Apparatus, as recited in claim 1, wherein said operating ratchet (350) is mounted internally of said housing (16).
Apparatus, as recited in claim 1 or 2, wherein said operating ratchet (350) is engaging said detent pawl (92) during the chain winding process, said operating ratchet (350) replacing said detent ratchet (58).
Apparatus, as recited in any one of claims 1 to 3, wherein said application cylinder (320) is pivotally mounted on said mounting bracket (310) at said cylinder pivot.
Apparatus, as recited in any one of claims 1 to 4, wherein said application cylinder (320) has a diameter of approximately 6,2 cm (2.5").
Apparatus, as recited in any one of claims 1 to 5, further including a friction reducing means disposed adjacent said operating ratchet (350) and said drive arm (340) are provided to substantially reduce friction upon rotation of said drive arm (340) .
Apparatus, as recited in claim 6, wherein said friction reducing means includes:
(a) a first spacer having a flange mounted between said operating ratchet (350) and said drive arm (340), said first spacer substantially reducing friction during rotation of said drive arm (340), said flange disposed between said drive arm (340) and said drive shaft (24) for substantially reducing the friction between said drive arm (340) and said drive shaft (24) during the rotation thereof; and

(b) a second spacer mounted between said drive arm (340) and said housing (16), said second spacer substantially reducing friction during rotation of said drive arm (340).

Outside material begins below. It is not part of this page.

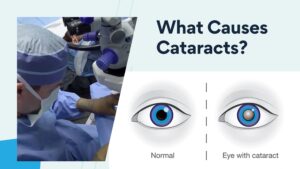what causes cataracts blog post image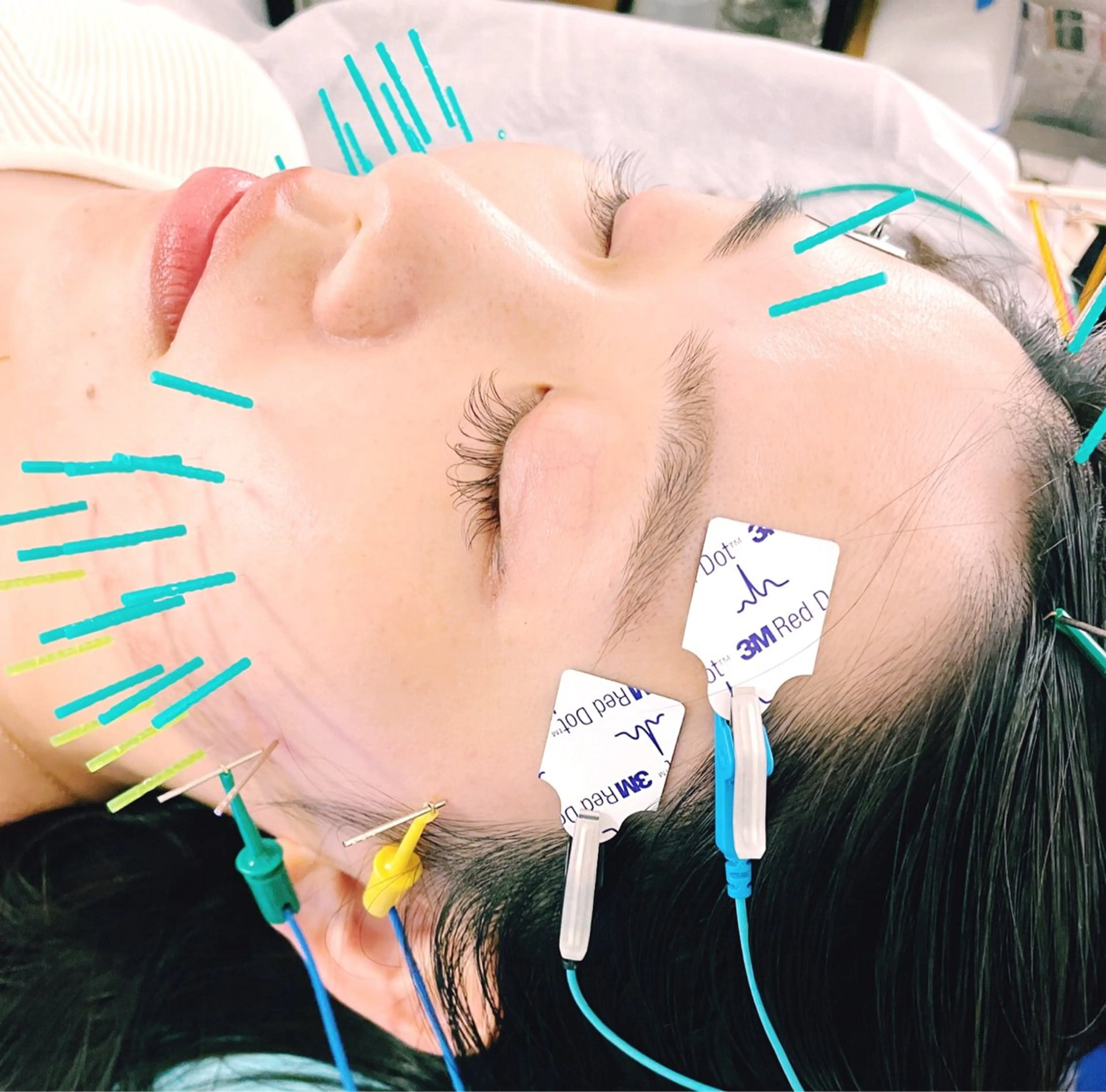 撮影モデル 小顔美容鍼専門サロン 渋谷YZのエステ・リラクイメージ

The combination, as recited in claim 7, wherein said first and second spacers are made of brass.
The combination, as recited in claim 7, wherein said first and second spacers are made of plastic material having friction reducing properties.
The combination, as recited in any one of claims 1 to 9, wherein at least one wave spring is mounted between said operating ratchet and said hand wheel (22) for preventing movement of said operating ratchet (350) and said drive arm (340) along the axis of said drive shaft (24).